= Exercise requirements =
Start at the line below containing "tekening praatplaat school G.A. de Ridder" and stop at the line containing "Poster - Composite". Repeat every line of that stretch exactly, and nothing outside it.

= Data in this exercise =
********************

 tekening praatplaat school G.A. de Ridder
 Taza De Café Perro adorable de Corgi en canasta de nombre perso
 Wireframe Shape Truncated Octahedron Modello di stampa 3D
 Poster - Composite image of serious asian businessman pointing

********************

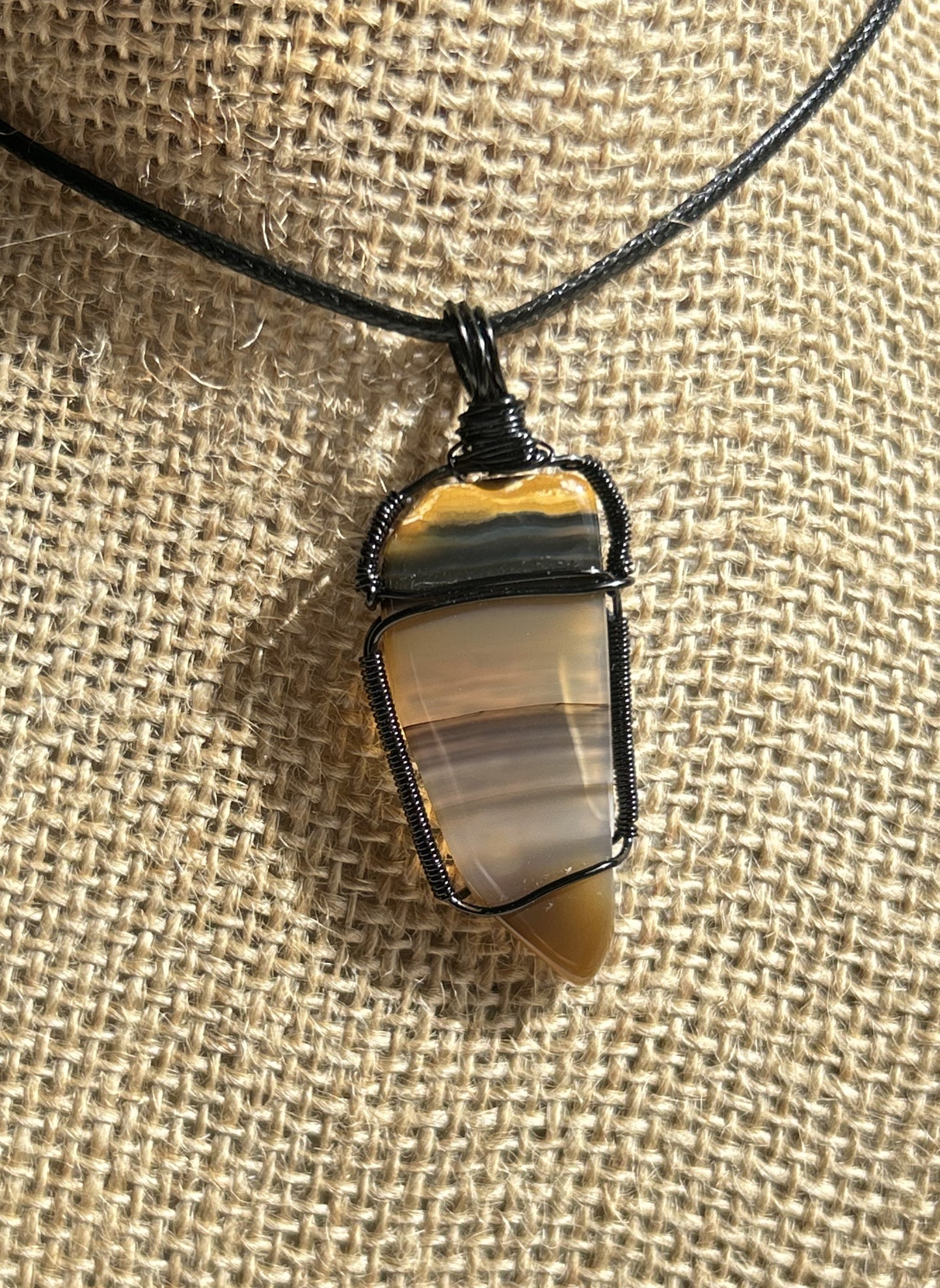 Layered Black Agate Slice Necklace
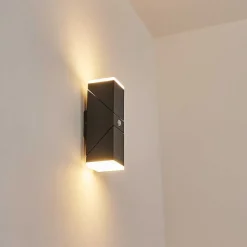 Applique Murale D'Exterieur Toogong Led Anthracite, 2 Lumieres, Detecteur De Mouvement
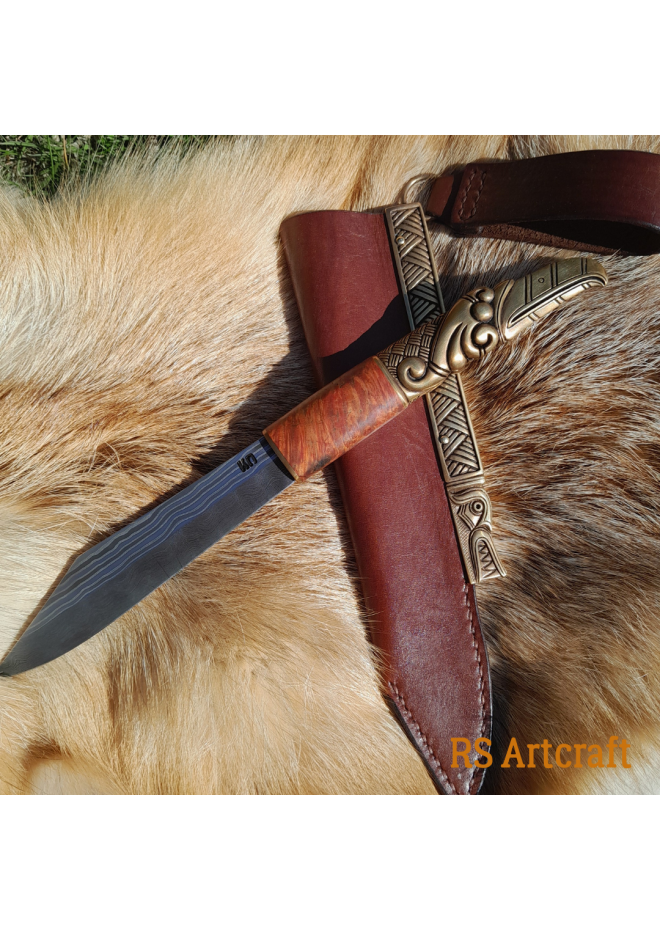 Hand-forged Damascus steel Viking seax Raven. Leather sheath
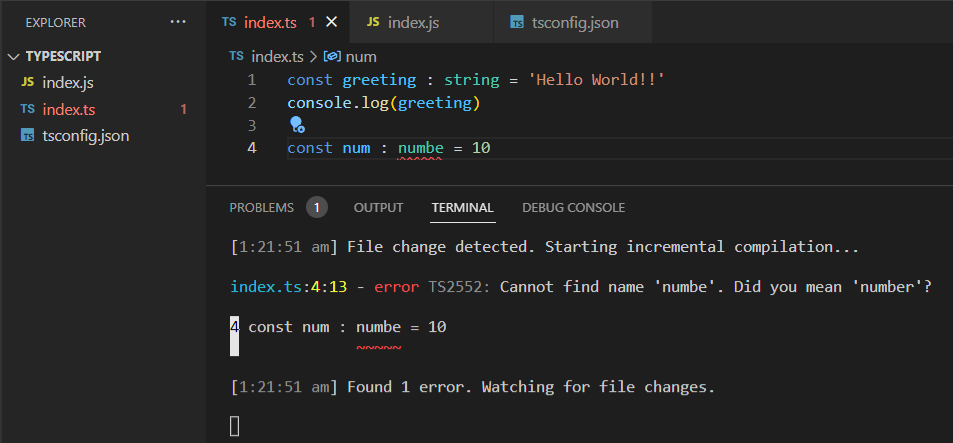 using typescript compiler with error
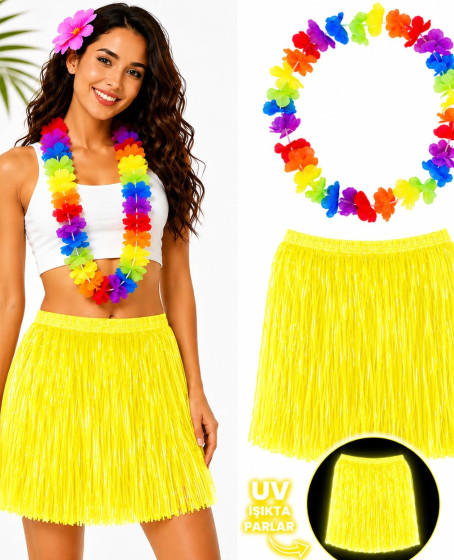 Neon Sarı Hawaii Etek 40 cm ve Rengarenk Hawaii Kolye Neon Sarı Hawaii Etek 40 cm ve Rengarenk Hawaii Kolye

********************

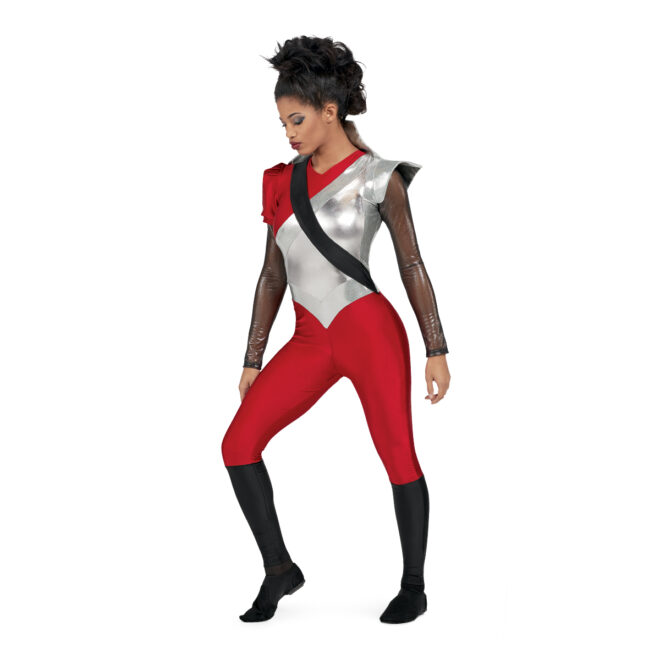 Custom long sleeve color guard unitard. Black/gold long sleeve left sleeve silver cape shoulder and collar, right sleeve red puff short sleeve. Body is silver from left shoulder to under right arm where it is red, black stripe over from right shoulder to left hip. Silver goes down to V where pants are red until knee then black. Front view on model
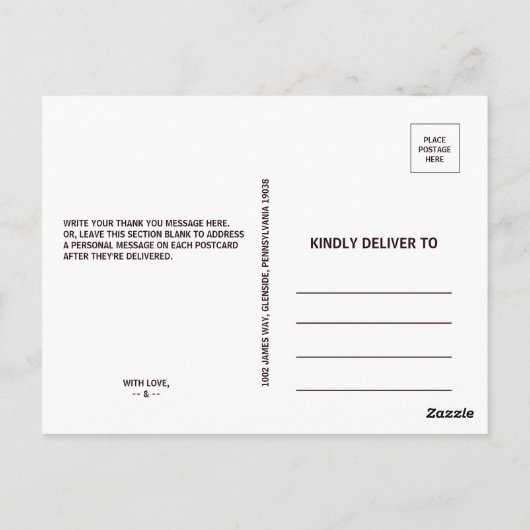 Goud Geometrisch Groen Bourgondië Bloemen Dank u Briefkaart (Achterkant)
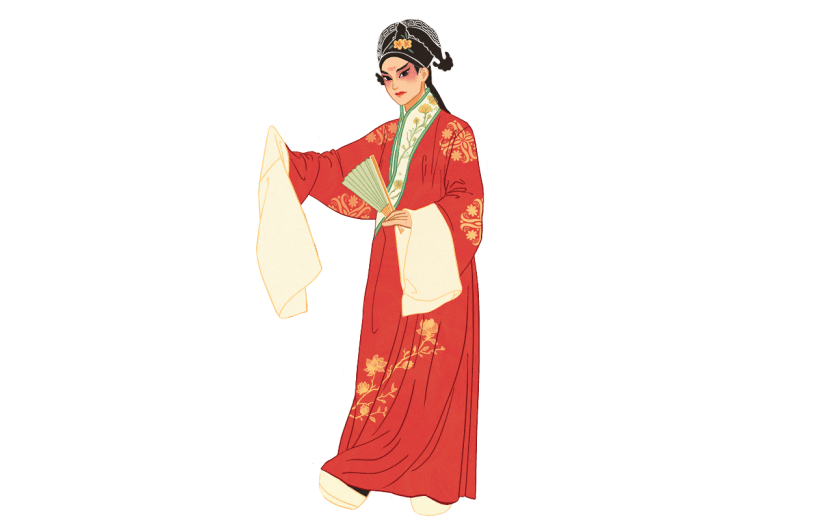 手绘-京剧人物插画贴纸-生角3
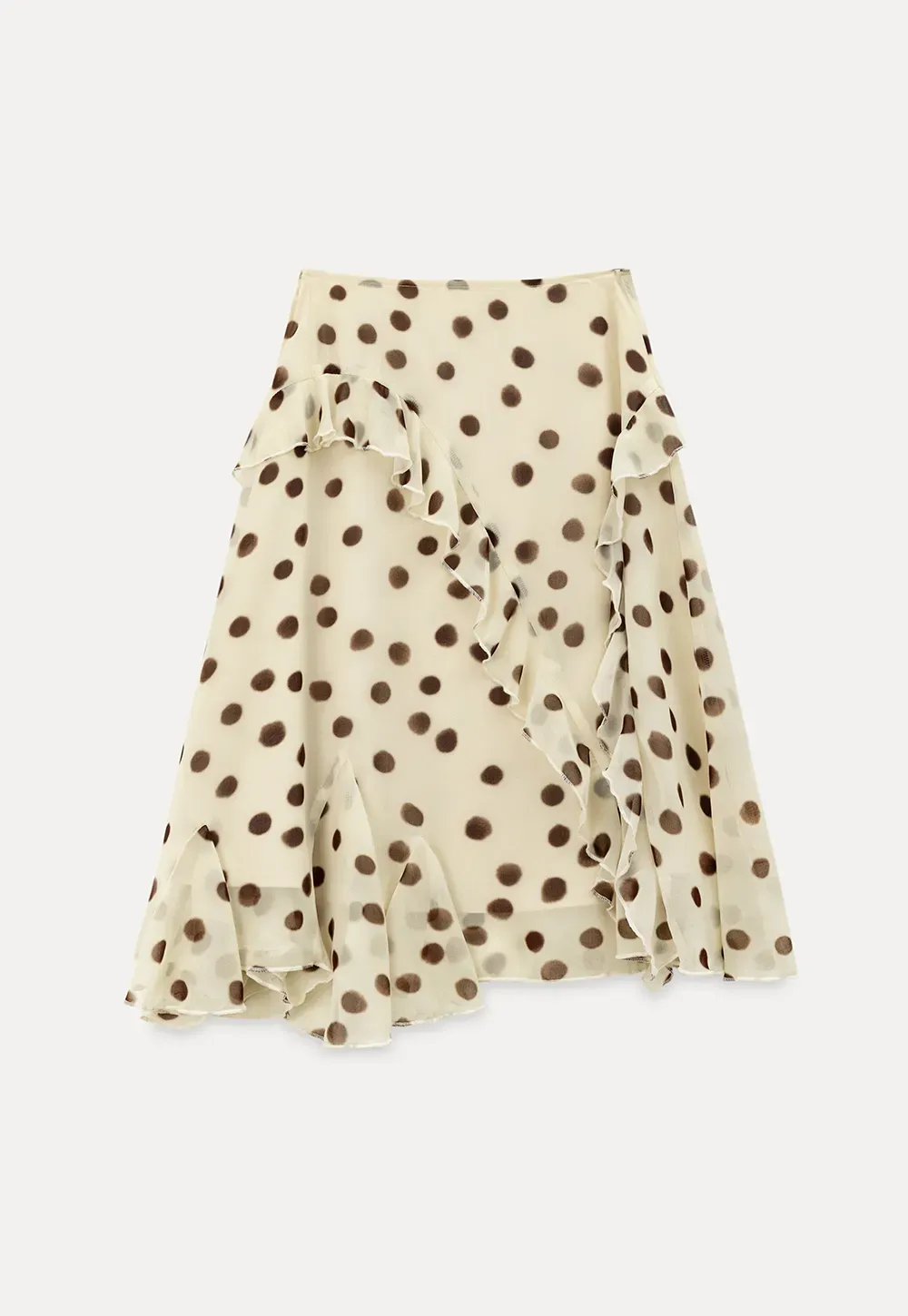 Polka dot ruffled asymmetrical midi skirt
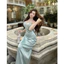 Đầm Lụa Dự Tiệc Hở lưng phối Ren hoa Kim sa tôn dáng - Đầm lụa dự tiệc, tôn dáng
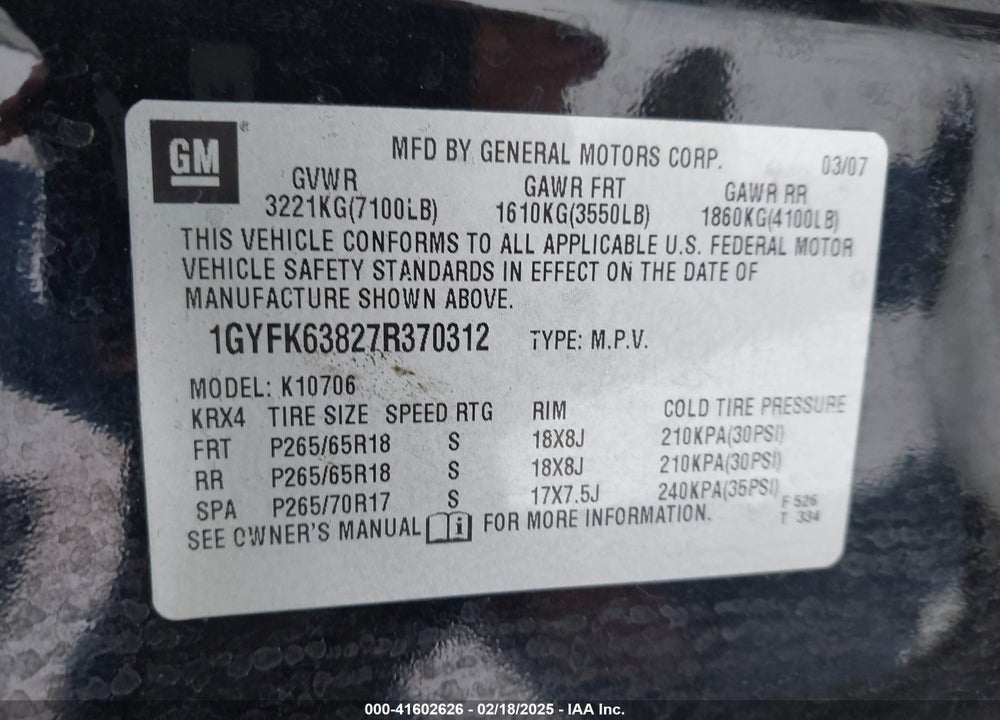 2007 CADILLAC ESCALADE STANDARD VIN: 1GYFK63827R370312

********************

= Final answer =
 tekening praatplaat school G.A. de Ridder
 Taza De Café Perro adorable de Corgi en canasta de nombre perso
 Wireframe Shape Truncated Octahedron Modello di stampa 3D
 Poster - Composite image of serious asian businessman pointing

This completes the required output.